(Beginning of GIVEN DATA)

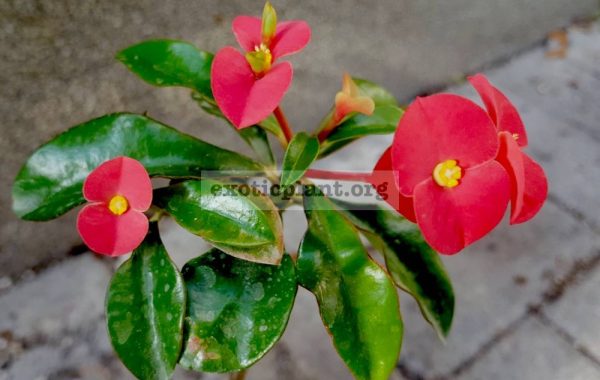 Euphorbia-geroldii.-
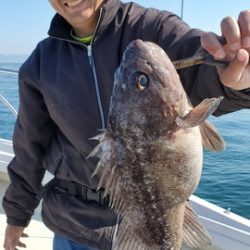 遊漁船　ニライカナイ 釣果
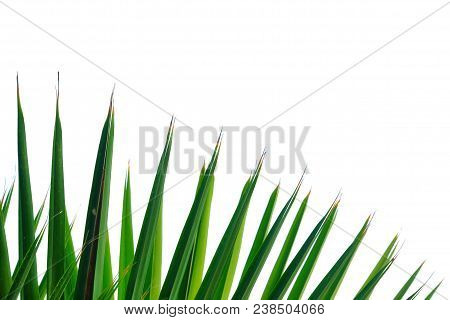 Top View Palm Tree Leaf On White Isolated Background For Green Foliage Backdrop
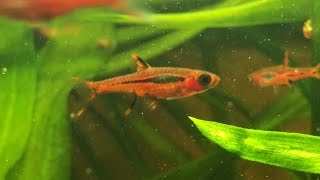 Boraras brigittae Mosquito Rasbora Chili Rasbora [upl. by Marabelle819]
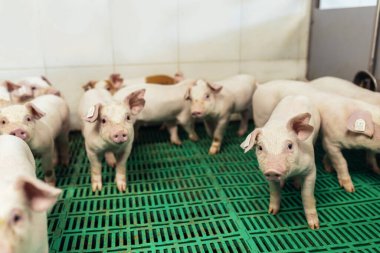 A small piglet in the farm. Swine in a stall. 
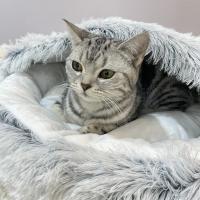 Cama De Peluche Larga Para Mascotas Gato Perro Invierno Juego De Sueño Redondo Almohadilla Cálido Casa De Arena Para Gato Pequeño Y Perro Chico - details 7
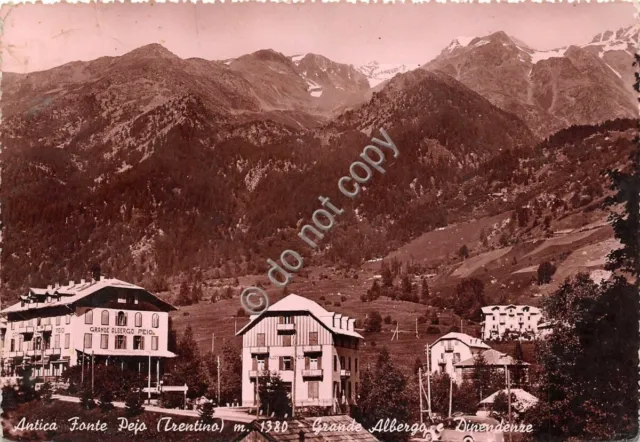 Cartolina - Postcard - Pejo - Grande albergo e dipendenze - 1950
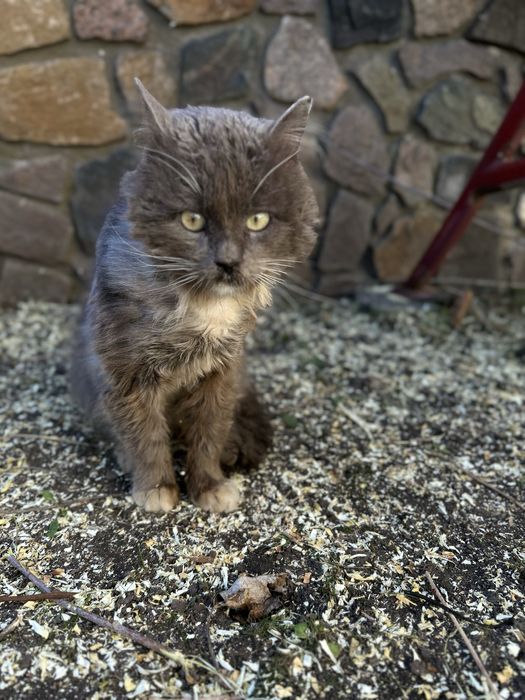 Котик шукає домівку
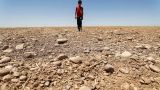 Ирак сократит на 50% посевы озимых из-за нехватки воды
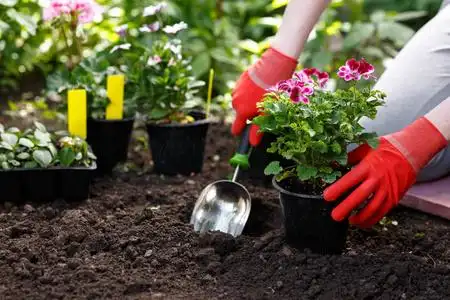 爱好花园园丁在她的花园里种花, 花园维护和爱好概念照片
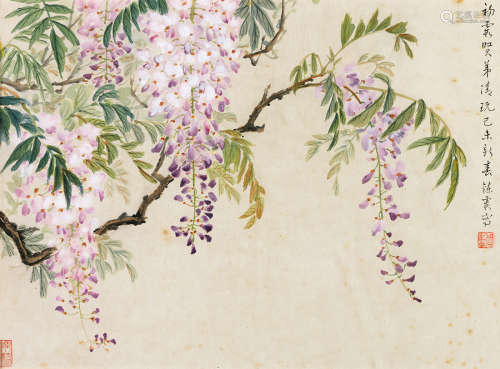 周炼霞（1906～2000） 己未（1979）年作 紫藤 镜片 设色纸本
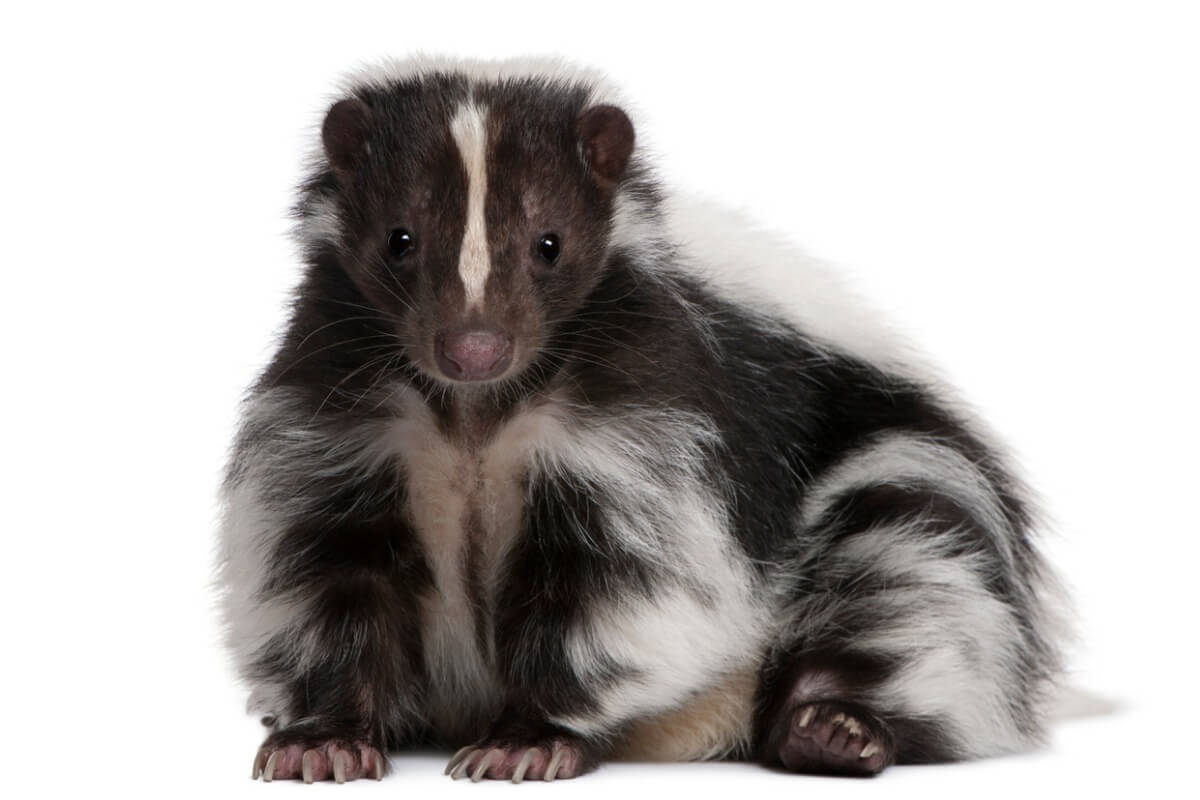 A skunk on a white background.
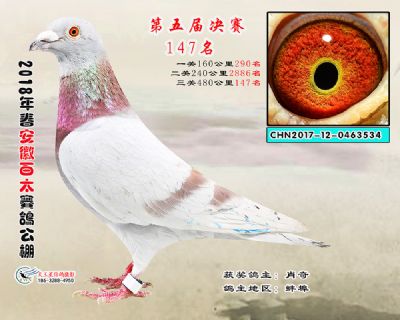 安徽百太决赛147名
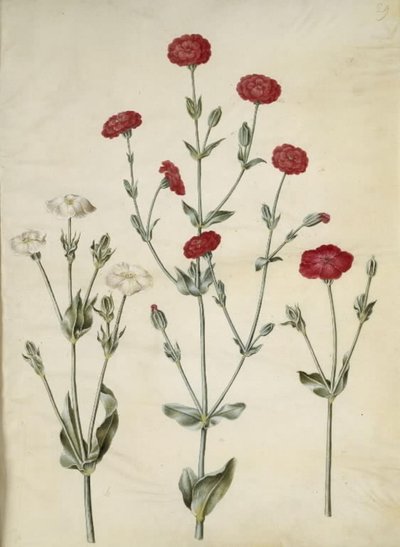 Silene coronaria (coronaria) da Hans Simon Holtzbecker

(End of GIVEN DATA)
(Beginning of GIVEN DATA)

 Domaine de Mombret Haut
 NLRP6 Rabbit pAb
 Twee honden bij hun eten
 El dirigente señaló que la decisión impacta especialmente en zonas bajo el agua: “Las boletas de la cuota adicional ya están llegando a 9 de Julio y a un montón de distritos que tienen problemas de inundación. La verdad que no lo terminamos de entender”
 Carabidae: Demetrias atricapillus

(End of GIVEN DATA)

→ WHAT YOU HAVE TO DO: Repeat, character for character, the lines of the material above from the line with "Twee honden bij hun eten" through the line with "Carabidae: Demetrias atricapillus".

→ SOLVED EXERCISE:
 Twee honden bij hun eten
 El dirigente señaló que la decisión impacta especialmente en zonas bajo el agua: “Las boletas de la cuota adicional ya están llegando a 9 de Julio y a un montón de distritos que tienen problemas de inundación. La verdad que no lo terminamos de entender”
 Carabidae: Demetrias atricapillus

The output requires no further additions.